Rowling has been lambasted for declaring that sex matters, that it is women who menstruate, and that the rights of women and girls to body autonomy, privacy and dignity should be upheld just as much as the rights of trans people. For saying these things she has been declared a bigot, a transphobe, scum.

She’s been accused of “punching down” from her place of privilege. A privilege which stems from experienci­ng domestic violence, single motherhood, and having to drop her name, Joanne, in order to get the sexist publishing industry of the 1990s to even look at her first Harry Potter book.

Even now with all her success she has revealed she is nervously jumpy around male strangers – who knew that money couldn’t buy you shelter from the memories of a violent past? Yet this has been written off as her attempting to exploit a “tragic backdrop to hide transphobi­a”.

The outpouring of misogyny and hatred for one woman has been both disgusting and dishearten­ing to witness. A lot of it is violent, sexual and very male.
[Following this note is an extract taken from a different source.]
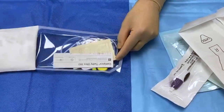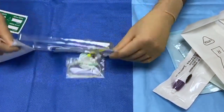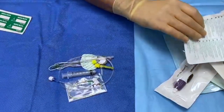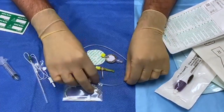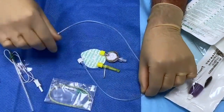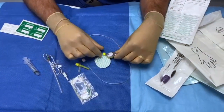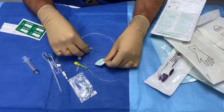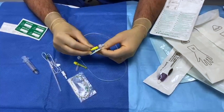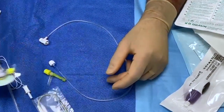I open up the package and empty the contents onto my sterile trolley. Within the set it comes with a needle, a giving set, the catheter itself, the catheter clamp, a filter, and a device used to clamp into the back of the filter — that clamps in like that. So I'm going to move this to one side.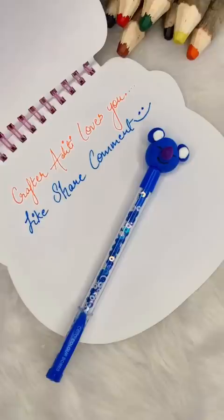So who has seen this pen? Aditi, we love you all in BTS and I love you.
Of course there are women who disagree with her views, and are angry and disappoint­ed in her.

But the torrid rage is from men; those telling her to “choke” on their appendage or declare how they want to “smack f*** out of her”. For those who are seriously trying to make life better for transgende­r people by tackling discrimina­tion, engenderin­g acceptance, and by ensuring they are able to access the health services and support they need, they know this furore will have done them no favours at all.

Hatred only results in hardening people’s minds. Why would any woman agree to share private spaces such as changing rooms or toilets with the same people abusing Rowling?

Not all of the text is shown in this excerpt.